We’re looking to test other enrichment tools including visual recognition of people, locations and objects, curious how they could benefit production workflows. There’s more work to be done on the audio side, too, speaker recognition and expansion into non-English languages for international content.
These tools are useful at scale but nothing equals the value of human tagging. We use a three-pronged approach to tackle this. Due to the scalability and performance of Elasticsearch, we can index all metadata about a programme. We then give human-generated metadata a greater search ranking score. Certain metadata objects — the title of a programme and its audience facing description — attract a higher rank, too.
Secondly, we use a confidence score to understand how much we should trust each piece of data. We’re planning to use abductive reasoning — cross-referencing data and confidence scores from multiple tools to try give a more accurate result. This becomes a multidimensional problem and the scalability of Elasticsearch is key in being able to achieve this.
Third is the use of context to improve accuracy. If we have data from speech to text showing the word ‘bear’ is spoken a number of times, it’s difficult to identify what type of bear we’re referring to. If we then use data from human cataloguing that shows the programme was set in the Arctic Basin, we can deduce, with high probability, it’s a polar bear.

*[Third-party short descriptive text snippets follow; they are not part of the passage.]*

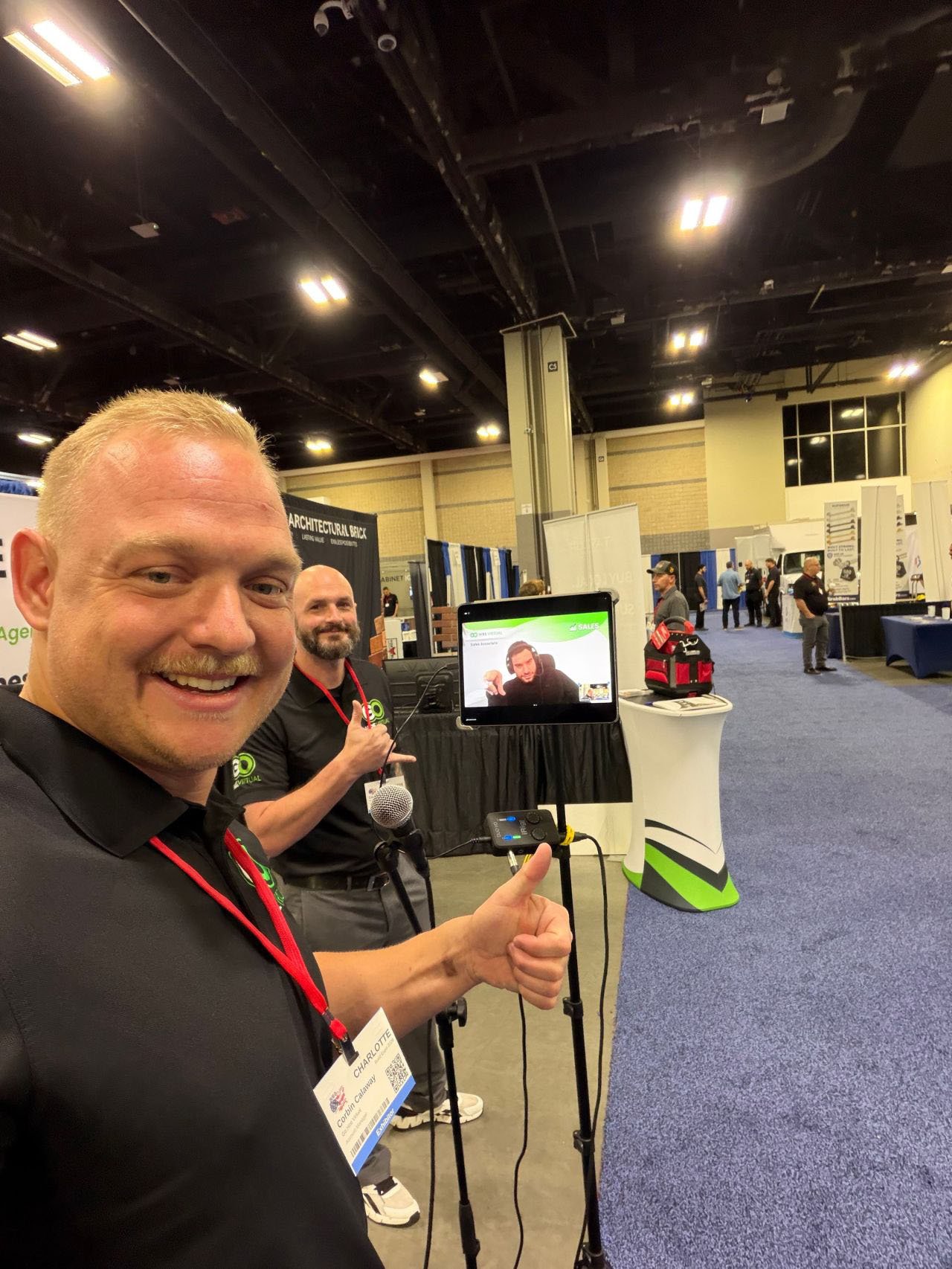 Smiling man in a black shirt takes a selfie at a convention booth; a tablet on a stand shows a video call while a second man stands behind with a microphone.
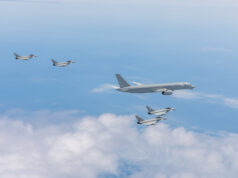 Excalibur flying testbed enters new GCAP trials phase Six gray military fighter jets flying in formation over a blue sky with white clouds.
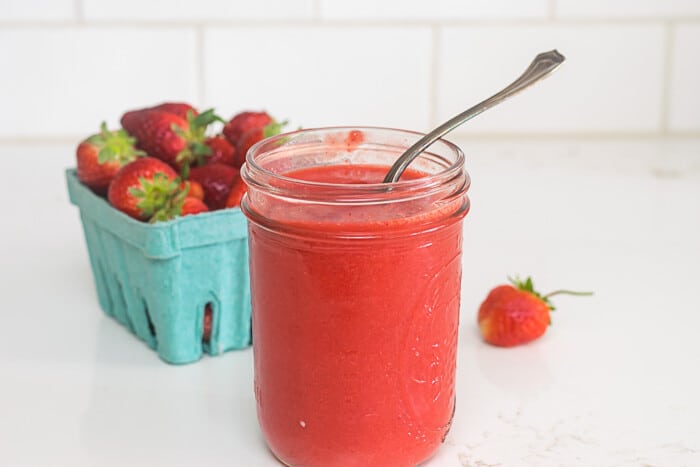 Strawberry puree in a jar with a spoon.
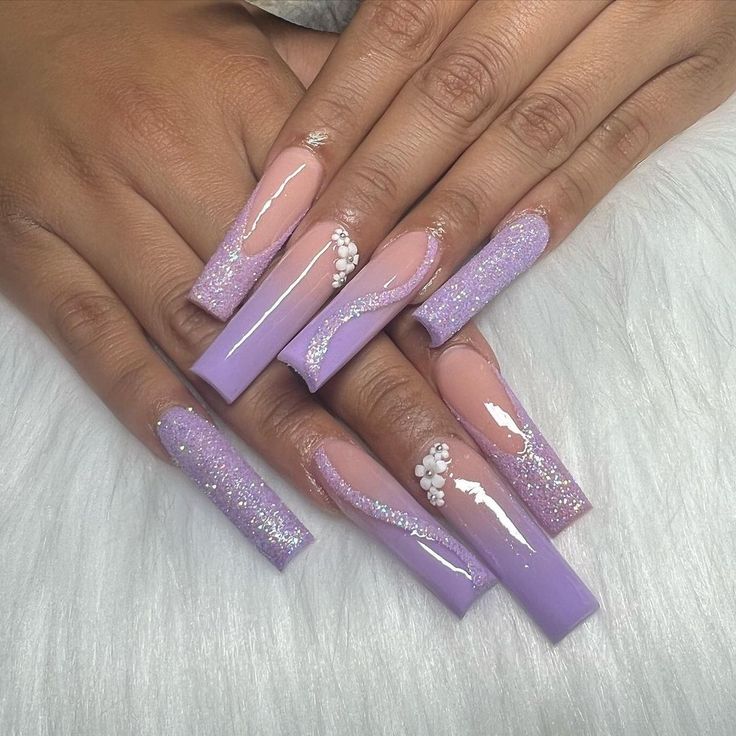 Elegant Lavender Ombre Nails with Glitter and White Embellishments for Sophisticated Glamour.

The data is now multifaceted and multidimensional. We can pull multiple data points — gathered from disparate sources and viewed through different lenses — to achieve a high level of accuracy and relevance.
Users looking for documentaries containing polar bears in Asia can now traverse the data set from three perspectives, dramatically increasing confidence in the quality of the result. No optimisation needed — queries that used to take seconds now take less than a millisecond.
Confidence score
When combining speech-to-text, visual and location recognition, results are of such relevance that users can be confident of its quality. Searching is quicker and more successful. What’s also interesting is how the platform can turn up more unusual, but still relevant results.
Historically, databases were optimised to ensure we worked to correct processes and indexes — guaranteeing an accurate result. When loading the same data set into Elasticsearch, we can be less rigid in our approach and not have everything defined up-front. It also allows us to be very inefficient with initial queries, trying out new ways of cross-referencing data without the need for re-index. We can try out new searches and make connections where, initially, there may be none.
>See also: How Auntie is opening its vaults for the download generation
Take Edinburgh Festival as an example: celebrating its 70th anniversary, we had to find content spanning 70 years. The festival’s name has changed several times since 1947, so the challenge was how to connect related and unrelated data to generate a representative result.
We used Elasticsearch to connect words with varying distance between them (within five or ten words of Edinburgh and Festival to account for name changes). We got back results that were ranked in a more useful manner than straight co-occurrence of two terms. This on a stack with no custom configuration or optimisation, running on modest hardware.
Exposing the archive in a targeted fashion has prompted 26 million audience engagements in the last nine months alone. As we look to the future data, and using the insight within, this will remain a key part of the BBC’s strategy.
On the editorial side, we’re looking at how the Archive can benefit the BBC for the long term — how production teams can use it in new and creative ways. For users we’re looking forward to liberating even more content for everyone to enjoy.